» **DATA TO USE**:
+===+

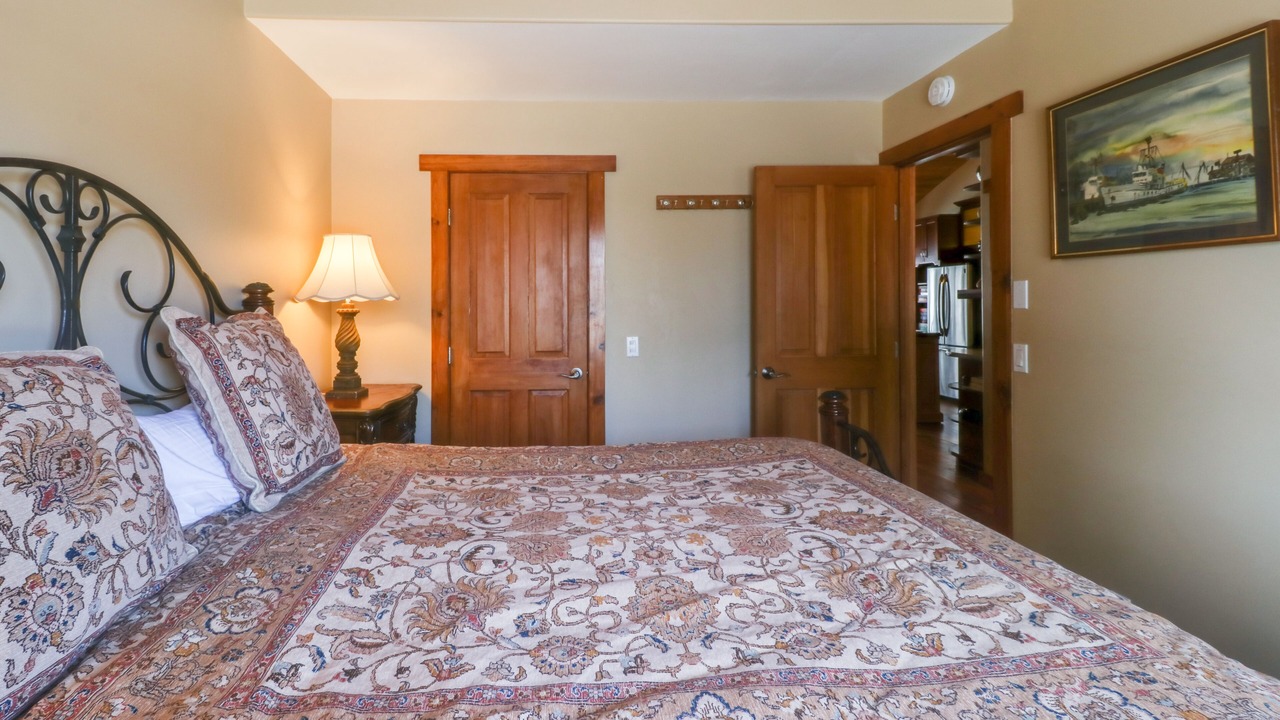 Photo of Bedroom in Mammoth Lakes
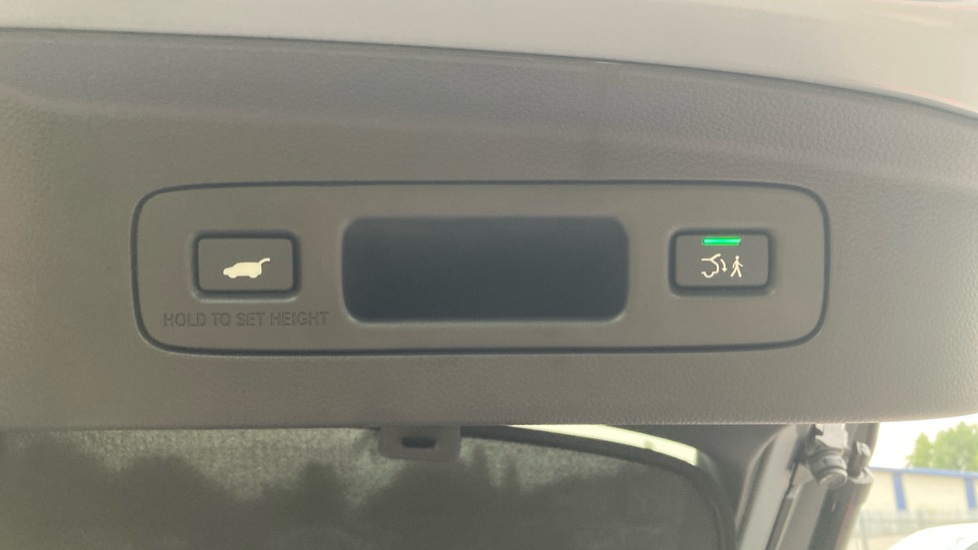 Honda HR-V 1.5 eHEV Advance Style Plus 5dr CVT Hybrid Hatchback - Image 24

+===+

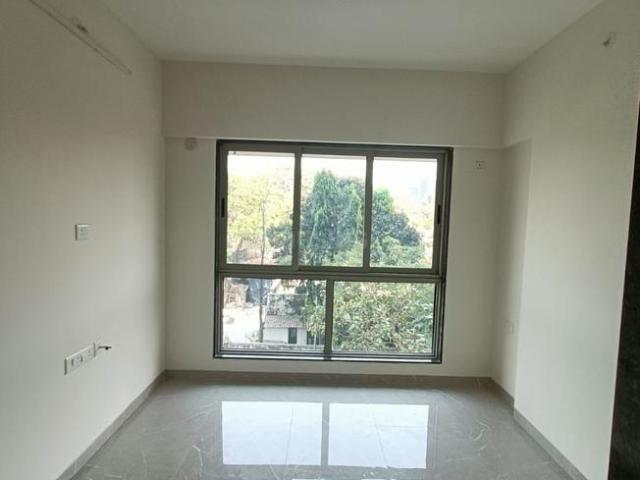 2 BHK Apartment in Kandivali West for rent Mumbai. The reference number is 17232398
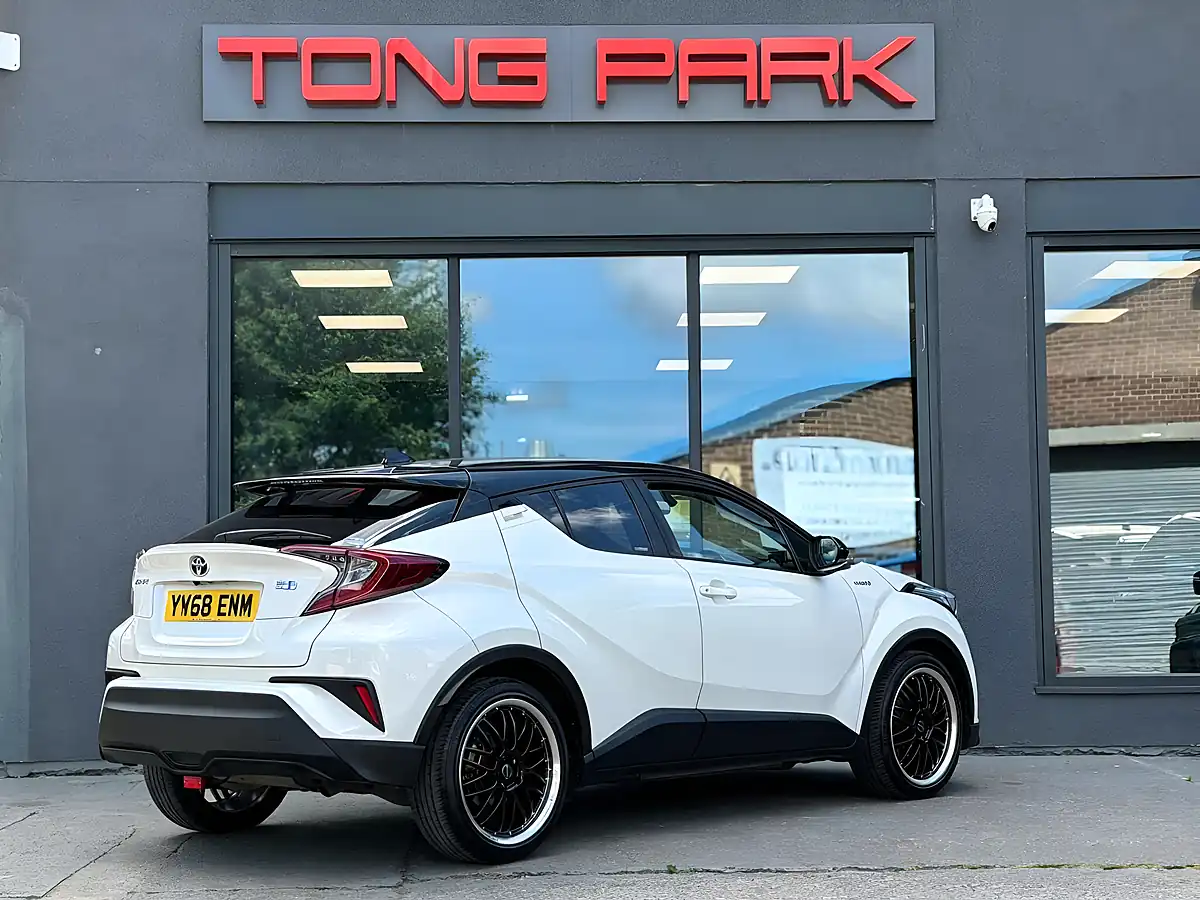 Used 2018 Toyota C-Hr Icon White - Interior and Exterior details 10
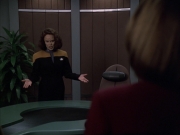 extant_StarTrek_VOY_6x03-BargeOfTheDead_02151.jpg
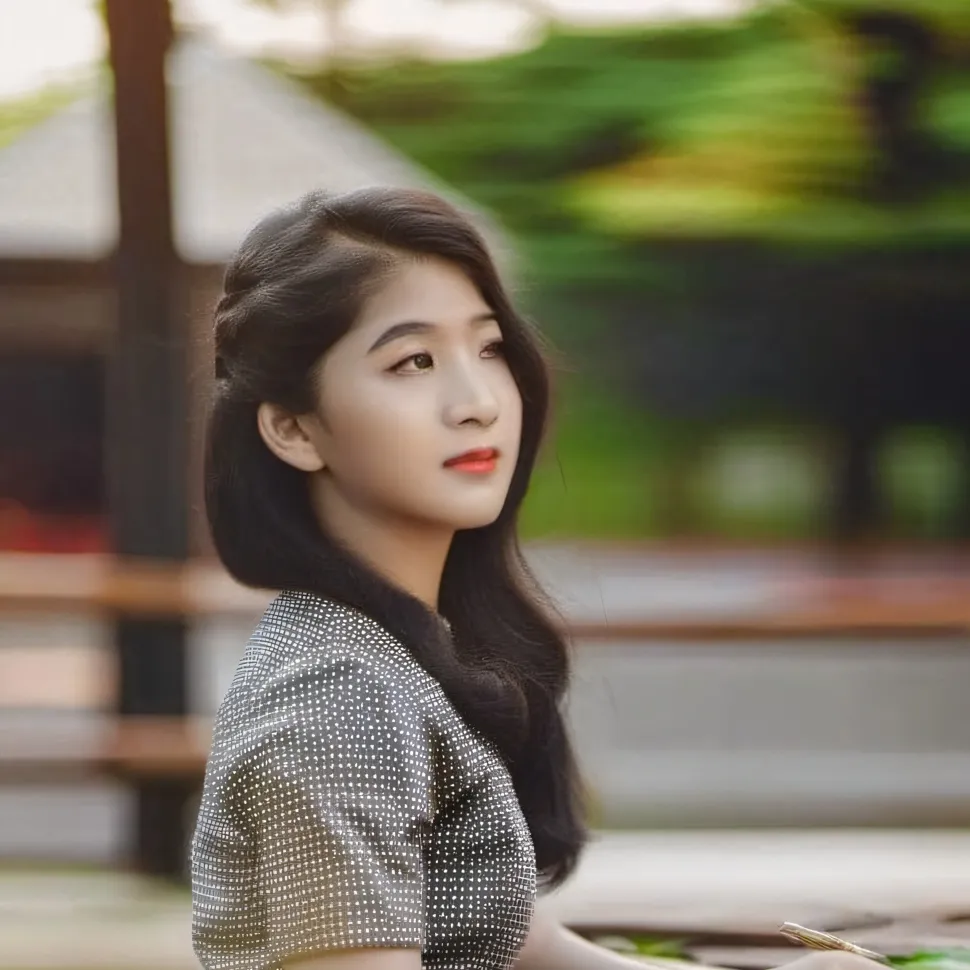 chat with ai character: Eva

+===+

» **PROBLEM TO SOLVE**:
Print nothing except the lines above from the one containing "Photo of Bedroom in Mammoth Lakes" down to the one containing "Honda HR-V 1.5", both included, exactly as written and free of pictures.

» **RESULT OF THE EXERCISE**:
 Photo of Bedroom in Mammoth Lakes
 Honda HR-V 1.5 eHEV Advance Style Plus 5dr CVT Hybrid Hatchback - Image 24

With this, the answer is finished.